The Arizona Bioindustry Association (AZBio) together with 42 other state bioindustry associations submited comments to the Centers for Medicare & Medicaid Services’ (CMS’s) Center for Medicare and Medicaid Innovation (CMMI) Medicare Part B Drug Payment Proposed Rule, released March 8, 2016.
The comments, as filed on Monday May 9, 2016 at 4:25 EDT are provided below.
May 9, 2016
Sylvia Matthews Burwell
U.S. Department of Health and Human Services
200 Independence Avenue, S.W.
Washington, D.C. 20201
Andrew M. Slavitt
Centers for Medicare and Medicaid Services
7500 Security Boulevard,
Baltimore, M.D. 21244
Dear Secretary Burwell and Acting Administrator Slavitt:
We, the 43 organizations listed below representing the Council of State Bioscience Associations (CSBA), are writing to express our strong concerns with the Centers for Medicare & Medicaid Services’ (CMS’s) Center for Medicare and Medicaid Innovation (CMMI) Medicare Part B Drug Payment Proposed Rule, released March 8, 2016.
We collectively represent members across the country dedicated to developing therapies that prevent, treat, and cure disease. Access to these therapies can greatly improve patients’ lives and reduce healthcare expenditures across the Medicare program. We are therefore deeply concerned that the Proposed Rule, if implemented, will:
- Adversely affect access to care for Medicare patients with complex, chronic conditions;
- Force patients to travel farther for care and/or seek care in higher-cost settings; and
- Negatively impact the innovation ecosystem, threatening investment in future treatments and cures for certain diseases.

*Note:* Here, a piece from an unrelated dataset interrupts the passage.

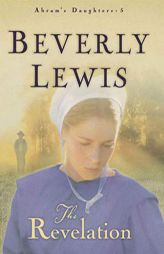 Revelation (The Abrams Daughters Series) by Beverly Lewis Paperback Book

Moreover, we are deeply troubled that the Proposed Rule was developed in the absence of stakeholder feedback and insight, and does not adhere to the statutory requirements for developing a CMMI demonstration in the first place. Based on these concerns, we strongly urge the Agency to withdraw the Proposed Rule in its entirety.
First, Medicare Part B beneficiaries suffer from some of the most complex conditions, including, but not limited to: cancer, macular degeneration, hypertension, rheumatoid arthritis, Crohn’s disease, ulcerative colitis, and primary immunodeficiency diseases. These patients often must try multiple prescription drugs and/or biologics before finding the most appropriate treatment regimen for them. Thus, patients and their providers must have flexibility to make decisions based on the expertise and training of the provider and the individual clinical circumstances of the patient. The Proposed Rule threatens this critical patient/provider clinical decision-making process by proposing a drastic reduction to Part B reimbursement for these therapies, which would apply on top of the two-percent cut already made by sequestration.
Second, the more difficult it is for a provider to obtain a Part B therapy at or below the Medicare reimbursement rate, the more likely it is that patients will not get access to needed therapies or will need to seek care outside of the community setting—namely in hospital outpatient departments. In this way, the Proposed Rule will exacerbate the trend toward hospital/provider consolidation, forcing patients to travel farther and increasing the costs of care, both to the patient and to the Medicare program.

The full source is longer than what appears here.